The findings support the latter view. These 3% of traders consistently predict outcomes correctly and shift prices in the right direction. The remaining 97% provide liquidity and generate volume but, in aggregate, sit on the losing side of trades against this informed minority. Their losses directly fund the skilled traders' profits.
Distinguishing skill from luck presented a methodological challenge. With over a million traders, many apparent winners could simply be statistical outliers. To filter noise from genuine edge, the authors reran each trader's bets 10,000 times, swapping every position's direction via coin flip while keeping markets, timing, and dollar amounts constant. This created a benchmark for random performance. Traders whose actual results consistently beat the coin flip demonstrated skill; those who did not were classified as lucky rather than skilled.
The numbers are stark: among the biggest winners by raw profit, only 12% beat the benchmark. Many apparent winners didn't maintain their status—roughly 60% of "lucky winners" turned into losers when checked against a separate sample of events.
Skilled traders prove most valuable in moments that matter. Their activity improves market accuracy most significantly in the final stretch before resolution, and they react first when new information hits—whether Federal Reserve announcements or corporate earnings releases—while other traders show little consistent reaction.

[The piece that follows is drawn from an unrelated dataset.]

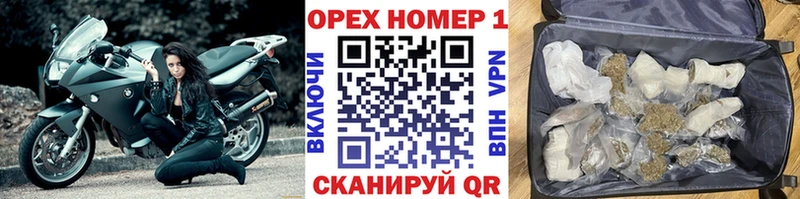 COCAIN Перу Богородск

The same edge making skilled traders valuable to price discovery raises uncomfortable questions about information integrity. Both Polymarket and Kalshi prohibit trading on non-public information, but the researchers documented a concrete case: the U.S. removal of Nicolás Maduro from power in Venezuela in January 2026. In the days before the operation, three newly created Polymarket accounts placed unusually large bets—including orders of tens of thousands of shares—on a contract asking whether Maduro would be removed when the market priced odds at roughly 10%. After the raid occurred, these accounts collectively made more than $630,000. Two stopped trading entirely shortly after, and the third went mostly dormant. The researchers noted no evidence of wrongdoing on these accounts.
Insider trades, when they occur, move prices seven to 12 times more aggressively per dollar than typical skilled trades—but remain rare and concentrated in specific events rather than representing day-to-day market mechanics.
Key Numbers
- 1.72 million: Polymarket accounts analyzed in the study
- $13.76 billion: total trading volume examined from 2023-2025
- 3%: proportion of traders driving price discovery
- 12%: biggest winners by raw profit who beat the coin-flip benchmark
- 60%: share of 'lucky winners' who became losers when checked against separate event samples
- $630,000+: collective profits made by three accounts before Maduro's removal on Polymarket contracts priced at ~10% odds
What to Watch
Regulatory scrutiny of prediction markets may intensify following these findings. Polymarket and Kalshi have faced questions about their ability to detect non-public information trading despite explicit prohibitions. Traders should monitor whether platforms implement new surveillance mechanisms or disclosure requirements. For investors using prediction market prices as sentiment indicators, the study suggests they are largely tracking a skilled minority rather than true crowd wisdom—especially valuable context when assessing political betting markets ahead of elections or geopolitical contracts tied to sensitive events.
The researchers' methodology—using resampling techniques to separate skill from luck—may become a standard framework for evaluating trader edge across prediction and sports markets. Market operators could face pressure to disclose similar analyses publicly.